The Thing About Real Volume Is You Don't Hear It
Real estate at any meaningful scale is a quiet industry. Not because the people doing it are humble, plenty aren't, but because the ecosystem doesn't require noise. The broker who moves $200M a year in industrial has twelve buyers' numbers memorized and doesn't need yours. The family office allocating to multifamily already has a relationship with JLL, Eastdil, and Walker & Dunlop that predates your LinkedIn account. The institutional buyer running a $400M fund has an analyst team, an IC calendar, and a CRM that has never once suggested posting about deal flow to build momentum.
The pipeline is the relationship. The relationship is private. That's the whole point.
When a serious transactional player does post, and occasionally they do, it's a closed tombstone. A "congratulations to the team." A tag of the broker six weeks after the wire cleared. It is not "actively seeking value-add opportunities in the $5M to $30M range, DM me if you have something." That sentence, in that voice, is an ad for an audience that doesn't know yet that it's the product.

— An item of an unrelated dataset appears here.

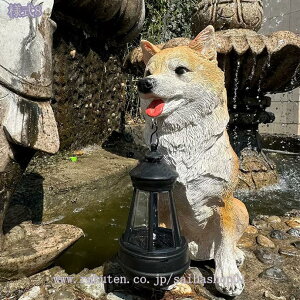 2000円OFFクーポン ガーデンオーナメント ソーラーLEDライト 庭の置物 犬 ガーデンライト かわいい 動物 オーナメント 雰囲気作り 飾りライト 自動点灯 自動消灯 庭 ライト 玄関 歩道 プレゼン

The Math Breaks If You Watch It Long Enough
This is where pattern recognition earns its keep. Any single post from a Volume Guy is defensible in isolation. "Looking at a 12-cap strip center in a secondary market", those exist. "Running a 1031 process for a family office, need a buyer in 30 days", that happens. "Off-market multifamily, seller needs speed"; sure.
But watch the feed for three weeks. The strip center disappears, replaced by a hotel. The hotel gives way to a self-storage play. The 1031 evaporates with no mention of resolution. Each deal is announced with the same urgency, the same vague institutional sheen, the same outcome: nothing. Because deals that close generate a paper trail, recorded deeds, broker co-op payments, lender relationships, operating histories. Volume Guys generate posts.
The frequency is the tell. Real transactions take six months to find, four months to underwrite, two months to finance, and thirty days to close. A person announcing a new major transaction every ten days is describing a pace that is physically, financially, and operationally impossible for a single operator without institutional infrastructure, and if they had institutional infrastructure, they would not be sourcing deal flow through Instagram captions.
What's Actually Being Marketed
Here is the elegant part, because you should respect the craft even while rejecting the product: the posts are not deal announcements. They are credential construction.
The goal is not to find a buyer for the strip center. The goal is to appear to be the kind of person who routinely needs to find buyers for strip centers, casually, constantly, at scale. The audience being cultivated is not other institutional players. It's newer investors with capital and ambition who haven't yet learned to read the clock on this particular game. People who want to be adjacent to deal flow. People who will eventually get to yes on a $25,000 fund minimum, a syndication with a 2% acquisition fee and a 30% promote, or a coaching program that teaches them to do what the instructor demonstrably isn't doing.
The deal flow was the audition. You were the audience.
What Institutional Capital Actually Looks Like From The Outside
Real institutional players are nearly invisible to the general public, and this is not accidental. Compliance teams review public statements. Investor relations departments exist specifically to manage information flow. Fund documents have real restrictions on how and where capital is solicited.
The people deploying the most capital in commercial real estate are largely unknowable to strangers on the internet. They don't need to be known. Their next deal is already in their inbox, sourced by a broker who has had their direct number for eight years. Their last deal closed because of a relationship that started at a conference in 2017, not a LinkedIn comment section in 2024.
The visibility of a real estate operator and their actual transactional volume are, above a certain threshold, inversely related. The louder someone is about what they're doing, the more likely it is that the audience, not the deal, is the business.
A Four-Question Field Test
The next time someone in your feed posts a deal that sounds almost-but-not-quite specific enough to be real, ask yourself:
Is there a verifiable firm, fund, or documented transaction history behind this person? Not a website. Not a pitch deck. Something with public records attached to it.
Does each post introduce a new opportunity that is never mentioned again, or does the deal have a lifecycle, underwriting, financing, closing, operations?
Do the claimed deal sizes, frequency, and complexity match what one person or a small team could operationally support?
Is there any mechanism by which you, a random person who found them on the internet, are actually useful to this transaction? Or are you the market they're building?
If the answers trend toward "no," "no," "absolutely not," and "you're the market", you've identified a Volume Guy. The appropriate response is to close the tab, protect your capital, and remember that in real estate, the people doing the most work are almost always the ones making the least noise about it.